Bandenkrieg am Obstmarkt
Die Massenschlägerei am Wochenende am Bozner Obstmarkt wurde laut Zeugen von zwei verfeindeten (ethnischen) Gruppen geführt. Am Mittwoch berät das Sicherheitskomitee über Gegenmaßnahmen.
Von Thomas Vikoler
Der Gewalteinbruch am Bozner Obstmarkt war aus der Sicht der Behörden nicht vorhersehbar. Auch wegen der erheblichen Kälte in der Nacht. Eine Patroullie der Stadtpolizei war zehn Minuten vor Beginn der Massenschlägerei in der Nacht vom vergangenen Samstag auf Sonntag vor Ort, wurde aber zu einem Unfall gerufen.
„Die Staatspolizei kam erst 35 Minuten später, als die Schlägerei bereits vorbei war“, berichtet der Inhaber einer Bar im oberen Teil des Bozner Obstmarktes.
Dort spielten sich ab 1.30 Uhr wilde Szenen ab: Ein im Gesicht blutender Mann läuft zunächst in Richtung Kapuzinergasse, dann fliegen Müllkübel, Tische und Gläser durch die Luft.
Ein gutes Dutzend Männer liefern sich mitten in Bozen eine Massenschlägerei, die auch auf Unbeteiligte übergreift: Ein Kellner eines Lokals wird von einer Flasche am Kopf getroffen und muss sich später im Spital verarzten lassen. Zwei weitere Mitarbeiter eines Lokals werden von Fausthieben getroffen, ebenso wie ein Gast.
Dann löst sich das Ganze von allein auf, die Teilnehmer der Schlägerei verlassen den Obstmarkt. Dann kommt die Polizei.
„Es handelt sich um die Mitglieder von zwei Gruppen oder Banden, einer albanischen und einer marokkanischen“, weiß der Inhaber einer Obstmarkt-Bar, „die waren bereits öfter hier und sind unangenehm aufgefallen“.

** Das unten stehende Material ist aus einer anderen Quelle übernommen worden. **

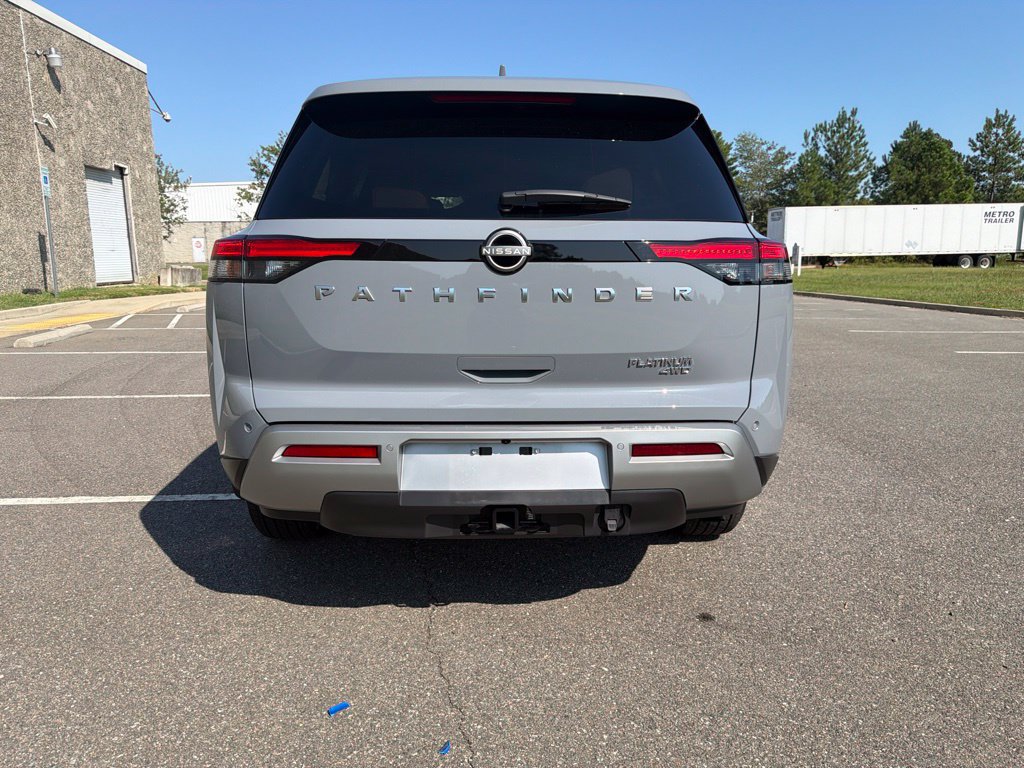 Used 2025 Nissan Pathfinder Platinum AWD/4WD image 6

Die Polizei identifiziert am Sonntag aufgrund mehrerer Videos von Überwachungskameras insgesamt acht Personen. Es handelt sich größtenteils um polizeibekannte Personen, von denen einige mit einem Platzverbot (Daspo) belegt worden waren. Sie dürften wegen Teilnahme an einer Schlägerei („rissa“) angezeigt werden, darauf steht eine Geldstrafe von höchsten 2.000 Euro.
„Die Teilnehmer der Schlägerei sind leicht erkennbar“, sagte Bozens Bürgermeister Renzo Caramaschi nach Sichtung eines der Überwachungsvideos, „sie wirken ziemlich betrunken“
Die Bozner Stadtverwaltung sieht sich wieder einmal der Kritik mehrerer Oppositionsparteien – Lega, Fratelli d`Italia und auch der nicht im Gemeinderat vertretenen Südtiroler Freiheit – ausgesetzt, nicht genügend gegen die Gewalt am Obstmarkt zu unternehmen.

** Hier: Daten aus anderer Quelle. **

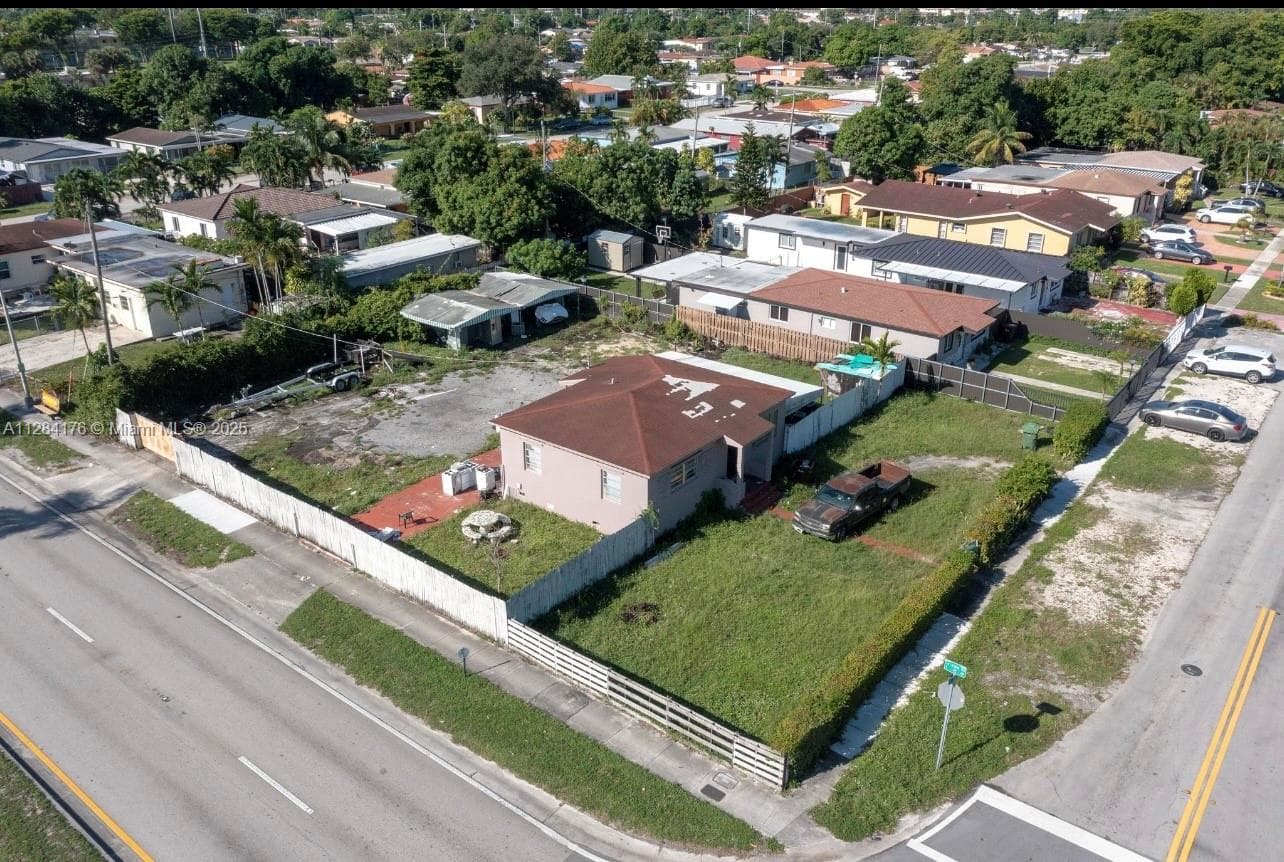 782 E 37th St, Hialeah FL 33013 — 50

„Das Problem liegt in erster Linie auf gesetzlicher Ebene, das darin besteht, dass organisierte Gruppen den Platz für sich einnehmen und kaum eine Handhabe gegen sie besteht. Da kann der Bürgermeister noch so viele Daspos gegen sie aussprechen“, sagt Jugendstadtrat Angelo Gennaccaro.
Gennaccaro war am Samstagabend eine gute Stunde vor der Schlägerei am Obstmarkt und hatte dort Jugendliche aufgefordert, ihre mitgebrachten Lautsprecher leiser zu schalten. „Ich wurde sofort von einer Gruppe umringt und gefragt, was ich wolle“, berichtet der Stadtrat.
Seit vergangenem Herbst gilt am Obstmarkt eine neue Verordnung gegen die Auswüchse des Nachtlebens, die nun verschärft werden könnte. „Bisher hat sie gut funktioniert, wir denken darüber nach, was wir ändern könnten“, so Caramaschi.
Am Mittwoch tritt im Regierungskommissariat das Landeskomitee für die öffentliche Sicherheit zusammen, um vornehmlich über die Massenschlägerei vom vergangenen Sonntag in Bozen zu beraten. Angekündigt sind mehr Kontrollen am Obstmarkt, auch wenn Bürgermeister Caramaschi auf den allgemeinen Personalmangel bei Polizei und Carabinieri hinweist.